Improving Machine Learning Predictions of Rock Electric Properties Using 3D Geometric Features

Imaging technology is constantly improving and enabling accurate, deterministic simulations of transport properties through the pore space of the imaged rock sample. Meanwhile, data-driven machine learning has emerged as an alternate tool for modeling transport properties that, once trained, use a fraction of the computational resources that traditional simulations require. However, machine learning models often fail to strictly enforce the physical constraints of the system, leading to solutions that are less accurate than that of traditional solvers. Here we propose a novel hybrid workflow that combines machine learning and conventional simulation methods. The workflow begins with a three-dimensional, binary image of a sample.
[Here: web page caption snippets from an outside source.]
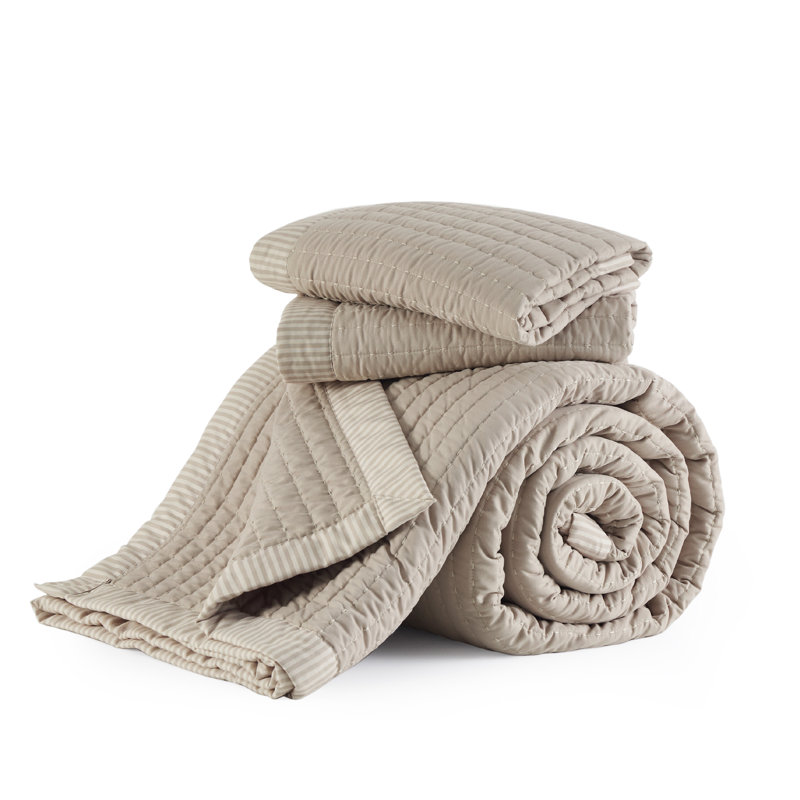 Bedspread Coverlet Lightweight Soft Quilt Bedding Set, Twin Quilt + 1 Standard Pillow Sham, Taupe Corduroy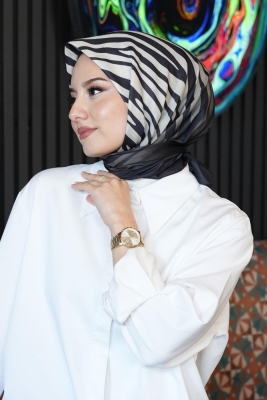 Zebra Desen Siyah Soft Pamuk Eşarp - 3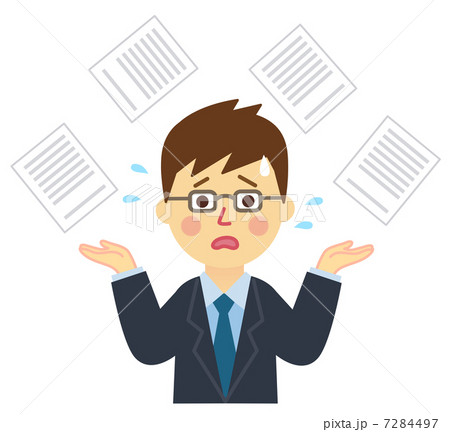 サラリーマン仕事がいっぱいのイラスト素材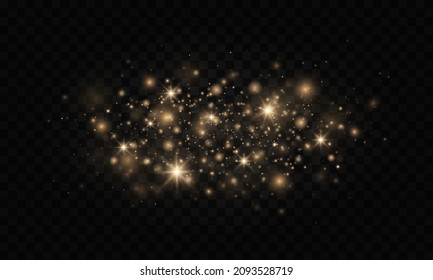 Sparkling magical dust particles. The dust sparks and golden stars shine with special light on a black transparent background. Golden shiny light effect. Vector sparkles.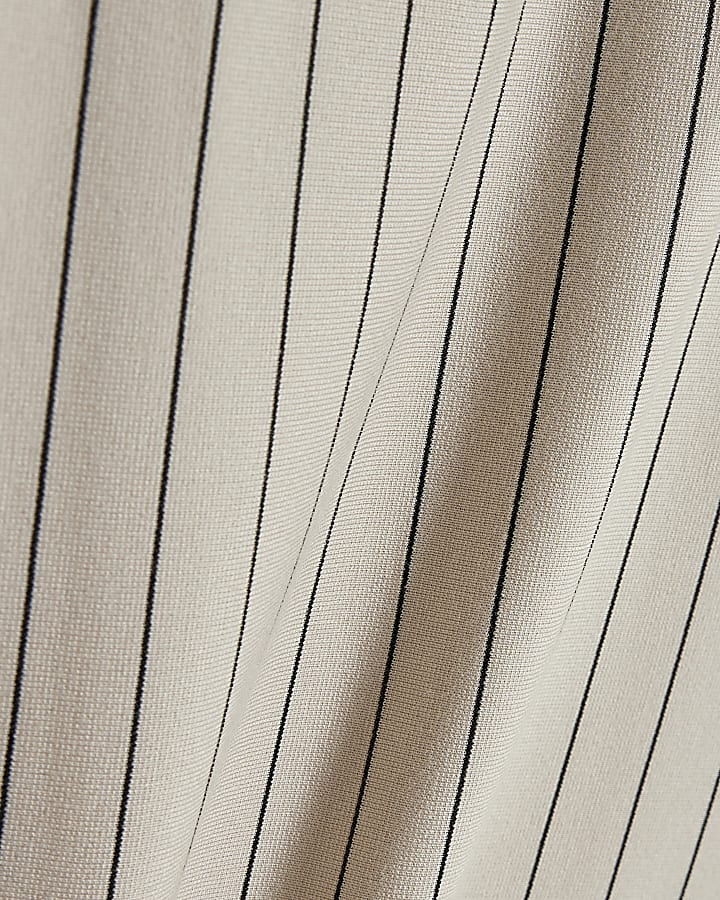 Beige Pinstripe Asymmetric Drape Top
A trained convolutional neural network extracts spatial relationships between the porous medium geometry and the electrostatic potential field and predicts the electrical properties through a new medium. Instead of assuming a linear potential gradient, this prediction is used as the initial condition of a validated finite difference solver. The implementation of this workflow can improve the simulation run time by an order of magnitude for small images. The success of the proposed workflow heavily depends on the accuracy of model prediction. We previously developed successful methods for prediction of the velocity field (and permeability) of a Newtonian fluid in a porous medium in the laminar regime. Here, we extend the method to predict the electrical potential field. We explore one strategy of improving a model's ability to generalize to unseen samples by supplying geometric characterizations of the pore space. We find that models trained with these features individually do not result in an improvement over the baseline model trained with only the binary image. However, they do provide the model with relational information that can be incorporated into future models. Analysis of electrical properties is one of the most common methods of delineating hydrocarbon saturation in reservoir rock. The proposed workflow helps accelerate the calculation of the electric potential field and can lead to estimating hydrocarbon saturation in real time. We also expect that this workflow is easily generalized to many other transport problems in porous media.